Was that concern in his eyes? Pity? Maybe a little disgust? Hard to tell.

“That my money?” he asked, pointing to the bag.

“Yup.” I slipped the strap off my shoulder and unzipped it. I’d taken out my clothes and other travel stuff back at the apartment. All that was inside now was one hundred and thirty stacks of hundred-dollar bills. I pulled the flaps open and held it out so he could see inside. He nodded. I zipped the bag back up and handed it over to him. “Did you call and tell them yet?”

“No,” he said. “I wanted to meet with you first, make sure you hadn’t changed your mind.”

“Not likely,” I said.

“First you break your own rule about avoiding jobs with law enforcement targets, now you’re paying me to back out. You ready to tell me what’s going on, or have I not earned that level of respect from you yet?” He set his eyes on mine, and I held his gaze.

“It has nothing to do with respect, Ian.”

“How many other candidates on your roster would have agreed to what you asked me to do?” he asked, slinging the bag over his shoulder. “Can you name even one?”

“No,” I said honestly.

“You helped me back when I had nothing. I always swore that if there was ever any way I could repay you for that, I’d do it. This is me making good on that promise. But this is a big fucking favor, man.”

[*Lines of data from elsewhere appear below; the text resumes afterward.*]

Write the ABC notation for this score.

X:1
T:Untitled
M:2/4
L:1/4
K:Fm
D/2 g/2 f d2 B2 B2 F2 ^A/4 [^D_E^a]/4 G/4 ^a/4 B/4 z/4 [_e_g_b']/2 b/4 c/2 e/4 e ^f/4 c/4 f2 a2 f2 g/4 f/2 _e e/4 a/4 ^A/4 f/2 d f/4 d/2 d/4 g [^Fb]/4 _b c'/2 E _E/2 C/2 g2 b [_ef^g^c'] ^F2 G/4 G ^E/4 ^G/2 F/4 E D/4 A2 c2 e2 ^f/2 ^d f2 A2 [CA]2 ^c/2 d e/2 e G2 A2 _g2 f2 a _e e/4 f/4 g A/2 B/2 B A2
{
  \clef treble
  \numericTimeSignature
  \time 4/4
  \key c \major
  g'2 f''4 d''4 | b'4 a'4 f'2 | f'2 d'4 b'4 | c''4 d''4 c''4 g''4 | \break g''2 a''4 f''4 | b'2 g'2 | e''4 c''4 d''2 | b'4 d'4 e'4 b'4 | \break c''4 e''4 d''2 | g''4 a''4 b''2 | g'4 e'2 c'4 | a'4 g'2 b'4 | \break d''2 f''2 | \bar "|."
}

“You still got paid, Ian.”

“Fuck the money!” he shouted, stabbing his finger at my face. “You know damn well it’s not about that. Word of this gets around—and it will—a lot more than just my career could be over. Don’t nobody wanna work with a guy who backs out of the big jobs. You’re good, Rick, but are you good enough to still book me quality gigs with that hanging around my neck?” He shook his head. “There’s better than a fifty-fifty chance I just reset my entire life by helping you out. Least you can do is tell me why.”

“Ian—” I started.

Then stopped.

Then held my hands up in frustration.

Then looked around, down at the ground, and back into his eyes again.

Then I took a deep breath. If we were going to continue working together—and I had every intention of making damage control for his career my top priority as soon as all of this was over—it was only fair that he knew the truth.

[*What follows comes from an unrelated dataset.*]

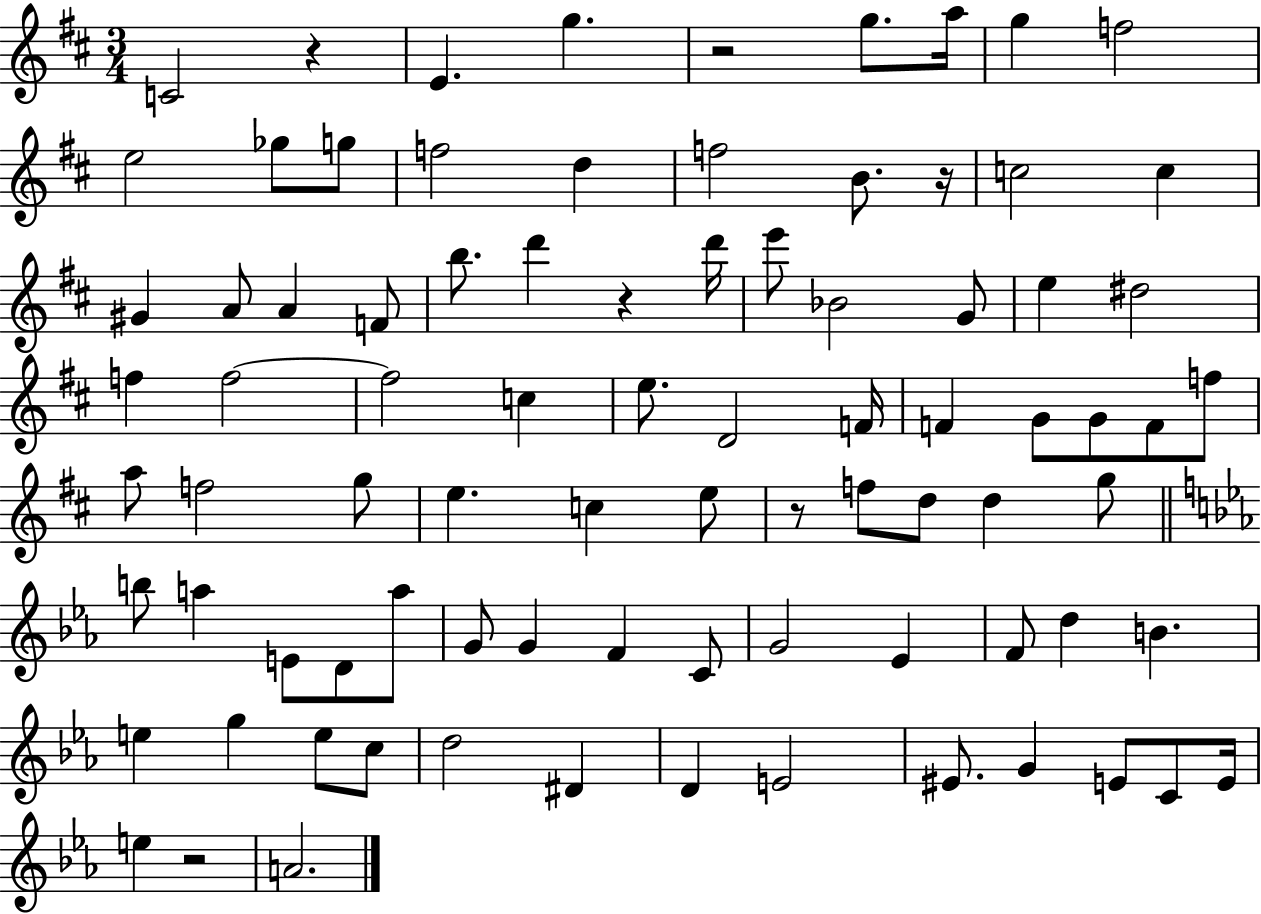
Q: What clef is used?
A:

Then a bullet opened a hole just above his right eyebrow and blew out the back of his head.

I heard his brains hit the asphalt before I heard the gunshot. A wet, unsettling sound. Oatmeal being dropped on the kitchen floor. A thin line of blood snaked down the side of his nose from the hole above his eye, which was wide open, staring at nothing. He swayed on his feet for a moment before his knees gave out and he crumpled backward, like a puppet whose strings had been cut. It wasn’t until he landed in the pile of his own gray matter that I started to scream.

My legs felt unsteady so I began dancing on my feet to keep them active, spinning in half circles where I stood, looking for the shooter. After a few seconds, whoever was at the controls in my head flipped the logic switch to the “On” position and I realized twirling in the middle of an open parking lot next to a dead man wasn’t the best way to avoid getting shot. I fumbled in my pocket and pulled out my car keys.

Get the money, that same logical voice suggested.